## Information provided

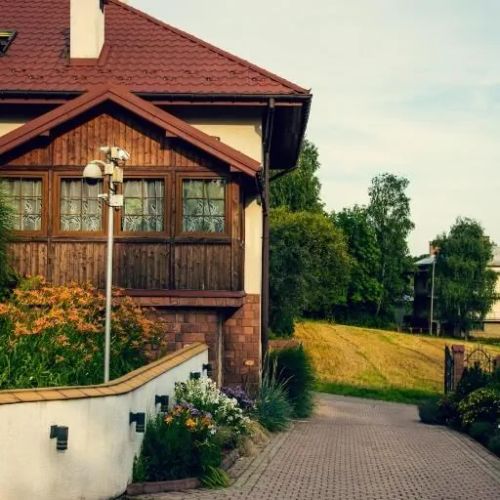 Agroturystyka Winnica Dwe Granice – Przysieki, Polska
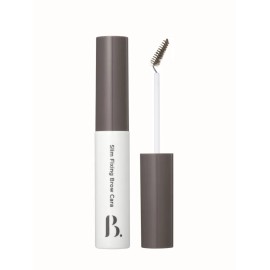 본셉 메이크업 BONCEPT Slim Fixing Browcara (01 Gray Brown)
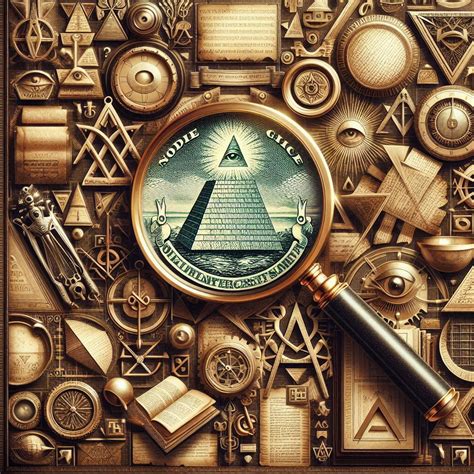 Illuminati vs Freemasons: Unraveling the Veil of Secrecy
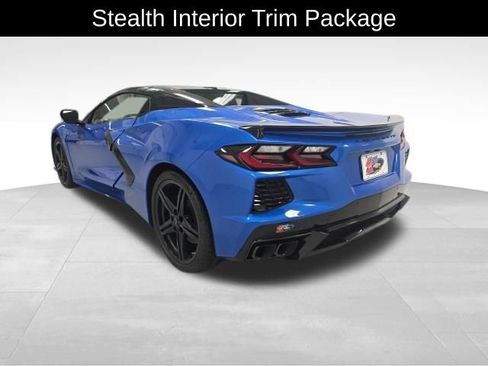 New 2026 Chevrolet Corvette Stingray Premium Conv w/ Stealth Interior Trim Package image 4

* * *

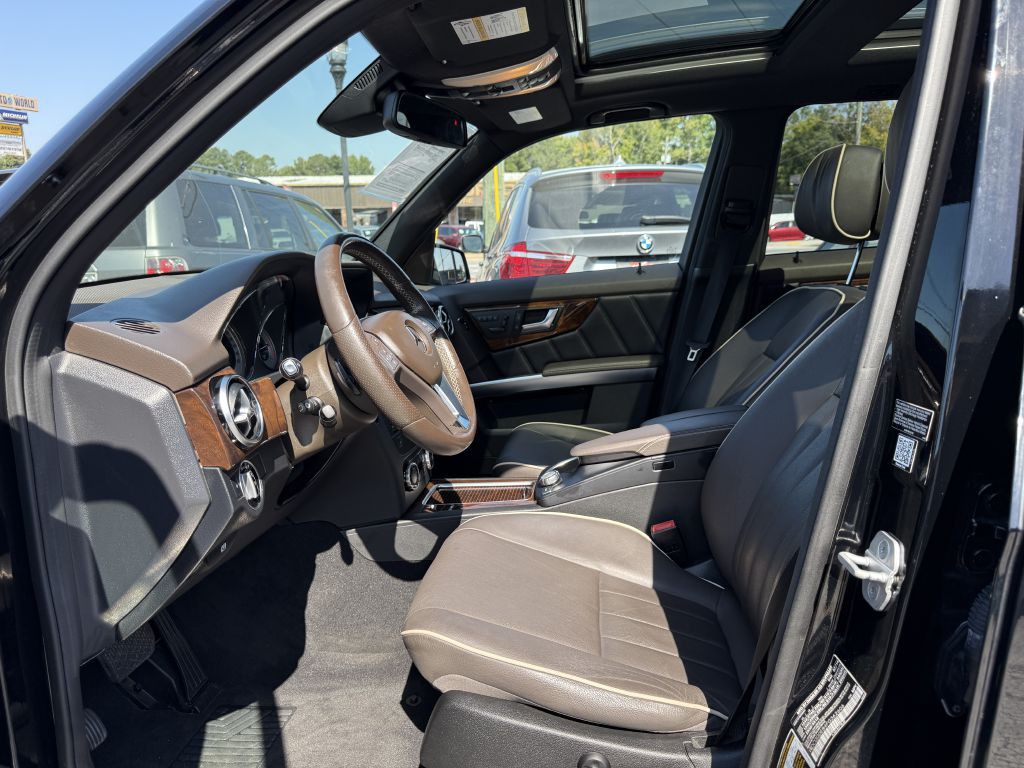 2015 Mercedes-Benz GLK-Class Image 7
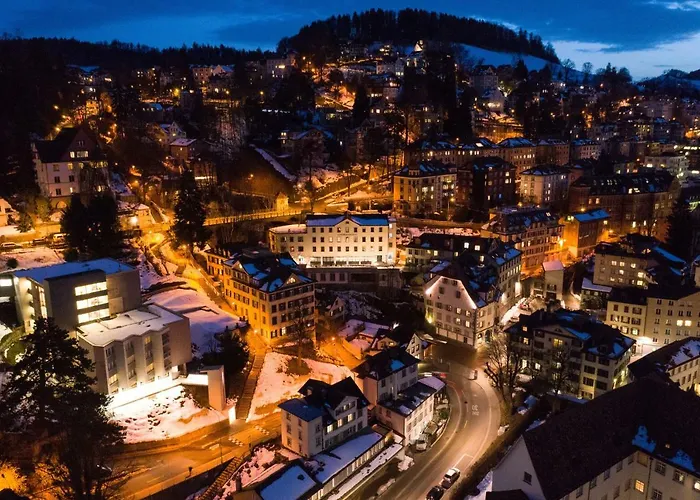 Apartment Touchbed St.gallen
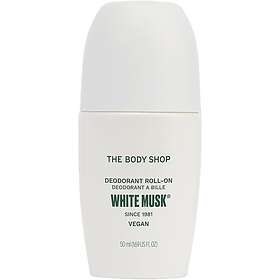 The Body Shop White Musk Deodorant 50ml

## Task requirements
What you return from the records above should be exactly everything from the line with "Apartment Touchbed St.gallen" down to the line with "The Body Shop White Musk Deodorant 50ml", both kept, and no pictures.

## Response
 Apartment Touchbed St.gallen
 The Body Shop White Musk Deodorant 50ml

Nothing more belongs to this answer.